> Task details: With the records as your source, report how many lines contain "living". Add no other words.

[Excerpts from a dataset]

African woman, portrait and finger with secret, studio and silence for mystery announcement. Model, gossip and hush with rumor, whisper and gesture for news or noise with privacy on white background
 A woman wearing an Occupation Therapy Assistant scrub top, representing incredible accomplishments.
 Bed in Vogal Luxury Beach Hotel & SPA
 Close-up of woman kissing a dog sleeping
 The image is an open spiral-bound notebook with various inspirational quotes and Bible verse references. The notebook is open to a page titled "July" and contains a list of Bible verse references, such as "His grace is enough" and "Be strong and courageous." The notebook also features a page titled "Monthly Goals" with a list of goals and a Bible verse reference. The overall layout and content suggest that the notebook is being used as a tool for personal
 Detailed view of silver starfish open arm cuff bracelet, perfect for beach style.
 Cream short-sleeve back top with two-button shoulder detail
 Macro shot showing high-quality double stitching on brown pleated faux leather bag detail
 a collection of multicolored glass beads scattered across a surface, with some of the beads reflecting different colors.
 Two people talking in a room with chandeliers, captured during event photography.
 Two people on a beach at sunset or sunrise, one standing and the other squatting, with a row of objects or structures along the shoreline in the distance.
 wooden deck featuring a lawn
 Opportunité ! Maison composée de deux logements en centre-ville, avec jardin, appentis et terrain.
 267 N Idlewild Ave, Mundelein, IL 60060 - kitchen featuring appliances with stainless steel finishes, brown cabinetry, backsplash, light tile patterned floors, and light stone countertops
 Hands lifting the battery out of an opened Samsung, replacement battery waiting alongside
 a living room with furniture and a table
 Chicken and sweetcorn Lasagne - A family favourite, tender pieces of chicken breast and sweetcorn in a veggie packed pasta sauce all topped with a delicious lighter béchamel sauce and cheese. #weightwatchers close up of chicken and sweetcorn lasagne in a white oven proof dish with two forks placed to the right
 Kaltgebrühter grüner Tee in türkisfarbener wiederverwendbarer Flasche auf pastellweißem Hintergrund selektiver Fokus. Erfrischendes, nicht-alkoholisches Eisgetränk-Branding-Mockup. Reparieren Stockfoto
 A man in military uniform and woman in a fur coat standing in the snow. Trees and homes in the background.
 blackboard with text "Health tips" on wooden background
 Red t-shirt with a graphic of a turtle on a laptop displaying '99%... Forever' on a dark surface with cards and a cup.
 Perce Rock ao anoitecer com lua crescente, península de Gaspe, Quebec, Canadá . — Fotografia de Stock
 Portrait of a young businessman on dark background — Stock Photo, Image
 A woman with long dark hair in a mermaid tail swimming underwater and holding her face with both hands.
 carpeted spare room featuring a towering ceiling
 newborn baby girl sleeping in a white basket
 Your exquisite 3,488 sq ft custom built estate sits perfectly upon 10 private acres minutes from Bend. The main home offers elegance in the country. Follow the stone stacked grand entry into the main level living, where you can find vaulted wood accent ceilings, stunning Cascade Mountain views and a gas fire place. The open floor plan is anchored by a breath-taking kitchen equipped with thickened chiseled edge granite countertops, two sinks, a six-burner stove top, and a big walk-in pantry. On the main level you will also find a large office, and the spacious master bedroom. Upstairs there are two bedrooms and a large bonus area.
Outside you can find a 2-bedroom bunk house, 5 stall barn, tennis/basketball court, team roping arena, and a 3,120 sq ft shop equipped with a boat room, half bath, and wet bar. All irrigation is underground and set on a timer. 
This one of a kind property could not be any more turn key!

> Solution for this problem: 2